How can data teams build governed data products without custom coding?
Model-driven, no-code automation uses a visual interface and pre-built rules to generate complex data integration code. Instead of manual scripting, teams visually design models, and the platform translates this into optimized, governed, and platform-native SQL, enforcing enterprise rules automatically.
With VaultSpeed, a low-code GUI is powered by an enterprise automation engine, enabling teams to build, deploy, and govern data products at scale.
How VaultSpeed delivers enterprise no-code automation
Provides a Visual, Low-Code Interface: VaultSpeed guides users through a point-and-click UI to design data products. This approach enforces rigorous adherence to Data Vault 2.0 standards and automatically prevents errors like missing keys or broken relationships.
Enforces Rules via Managed Templates: The platform uses a centrally managed, SLA-backed library of templates to automatically handle complex enterprise logic. This includes 8+ CDC strategies , referential integrity enforcement , and business key alignment.
Embeds Enterprise-Grade Governance: The automation engine continuously validates models against hundreds of enterprise rules and automates complex processes like schema drift handling and late-arriving data. This ensures all generated code is compliant, auditable, and resilient.
Enables Governed Customization (No-Code): The Template Studio allows users to implement their own business-specific logic (e.g., calculations, data quality checks) in a no-code environment, which automatically inherits VaultSpeed’s governance guardrails.
Generates Runtime-Independent Code: VaultSpeed compiles all logic at design time , producing optimized, platform-native code for Snowflake, Databricks, Microsoft Fabric, and more. This eliminates vendor lock-in and reduces operational costs.
Frequently asked questions (FAQ)
Are no-code data tools powerful enough for complex enterprise requirements?
Many automation approaches fail at enterprise scale because they force data teams to manually script solutions for real-world complexities. Code-first frameworks, whether using open-source templates or custom-built by consultants , often cannot handle challenges like late-arriving data , business key collisions , or strict referential integrity without extensive, high-maintenance custom code. This creates significant technical debt.
How does VaultSpeed's "model-driven" approach differ from other automation frameworks?
VaultSpeed is not just a code generator; it's an enterprise automation engine that uses a low-code GUI to enforce governed processes. Its Managed Templates and automation rules automatically handle enterprise-grade challenges like CDC strategies , schema drift , and key resolution —complexities that code-first frameworks require extensive manual coding and maintenance to solve.
What’s the difference between automation that generates DV code versus automation that manages DV integrity?
Code generation simply creates DV objects from a template. Integrity management is an enterprise-grade capability that handles the behavior of those objects over time. This includes automatically managing late-arriving data, enforcing referential integrity even when source data is out of sequence, and handling business key collisions. A simple generator fails here, creating technical debt; an integrity-aware engine ensures resilience.
Is the code generated by automation tools readable and debuggable? What happens to my pipelines if I stop using the tool?
This depends on the tool's architecture. Platforms that compile logic at design time, rather than runtime, generate clean, platform-native SQL or dbt code that is human-readable and debuggable. This "runtime independence" is a critical enterprise feature: because the generated code has no dependency on the automation tool, all pipelines continue to run indefinitely, and the organization retains full ownership of their code, eliminating vendor lock-in.
How can a visual, no-code tool possibly fit into a mature, code-first CI/CD pipeline?

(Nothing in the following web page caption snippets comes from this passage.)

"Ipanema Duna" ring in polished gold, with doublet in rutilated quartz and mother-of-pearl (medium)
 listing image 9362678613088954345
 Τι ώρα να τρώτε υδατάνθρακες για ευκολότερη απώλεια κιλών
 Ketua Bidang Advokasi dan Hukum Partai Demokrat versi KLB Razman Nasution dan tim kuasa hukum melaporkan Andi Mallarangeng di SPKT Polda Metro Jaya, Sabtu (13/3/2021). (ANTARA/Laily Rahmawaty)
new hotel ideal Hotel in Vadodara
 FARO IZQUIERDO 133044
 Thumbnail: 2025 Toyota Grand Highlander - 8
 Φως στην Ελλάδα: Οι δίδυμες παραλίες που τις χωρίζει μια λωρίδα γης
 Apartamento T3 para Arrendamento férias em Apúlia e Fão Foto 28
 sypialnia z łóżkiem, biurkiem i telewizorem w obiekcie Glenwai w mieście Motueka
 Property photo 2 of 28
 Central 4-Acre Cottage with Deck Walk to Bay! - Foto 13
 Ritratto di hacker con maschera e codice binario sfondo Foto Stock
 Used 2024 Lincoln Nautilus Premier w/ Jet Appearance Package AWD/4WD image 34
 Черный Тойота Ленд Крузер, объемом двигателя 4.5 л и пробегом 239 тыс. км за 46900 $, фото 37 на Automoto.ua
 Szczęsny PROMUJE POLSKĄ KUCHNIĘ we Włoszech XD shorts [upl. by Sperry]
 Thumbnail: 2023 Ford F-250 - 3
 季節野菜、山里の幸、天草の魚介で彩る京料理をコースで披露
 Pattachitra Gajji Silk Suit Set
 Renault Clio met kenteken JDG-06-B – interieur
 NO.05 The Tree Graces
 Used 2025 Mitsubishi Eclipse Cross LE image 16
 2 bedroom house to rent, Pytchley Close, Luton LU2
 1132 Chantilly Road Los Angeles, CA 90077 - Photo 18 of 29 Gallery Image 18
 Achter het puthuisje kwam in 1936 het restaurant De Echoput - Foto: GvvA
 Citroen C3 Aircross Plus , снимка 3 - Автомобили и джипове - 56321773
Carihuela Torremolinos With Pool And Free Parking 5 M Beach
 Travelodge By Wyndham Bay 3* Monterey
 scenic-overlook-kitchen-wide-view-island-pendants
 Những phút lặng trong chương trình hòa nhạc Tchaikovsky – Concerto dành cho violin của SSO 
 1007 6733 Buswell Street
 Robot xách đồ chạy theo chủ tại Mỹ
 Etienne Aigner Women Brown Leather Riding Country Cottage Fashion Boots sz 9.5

Enterprise automation platforms are designed for this integration. The visual model and its underlying metadata are versioned within the tool. A robust API and SDK allow CI/CD pipelines (like GitHub, Azure DevOps) to trigger the generation of delta packages, which include all DDL, transformation code, and migration scripts. The tool manages the complex migration logic, and the CI/CD pipeline manages the deployment of that logic across environments.
I'm not just building a Raw Vault. How does VaultSpeed handle custom business logic or transformations for the Business Vault?
VaultSpeed extends its managed automation with the "Template Studio," a no-code environment where users can design their own reusable business logic, calculations, or data quality checks. This custom logic automatically inherits all of VaultSpeed's governance guardrails and metadata, ensuring that flexibility does not introduce technical debt or break compliance. The platform also automates the creation of virtualized Business Vault views, with the option to persist them as tables for performance.
Our data is sensitive and cannot leave our network. How can a SaaS platform like VaultSpeed automate our data platform securely?
VaultSpeed’s architecture is designed for zero data exposure. A lightweight, secure agent is installed inside your environment. This agent harvests only metadata (schema information, table names, etc.) and sends it to the VaultSpeed SaaS application for design and code generation. The agent then receives the generated code from VaultSpeed and deploys it directly to your data platform. Your sensitive data never leaves your network.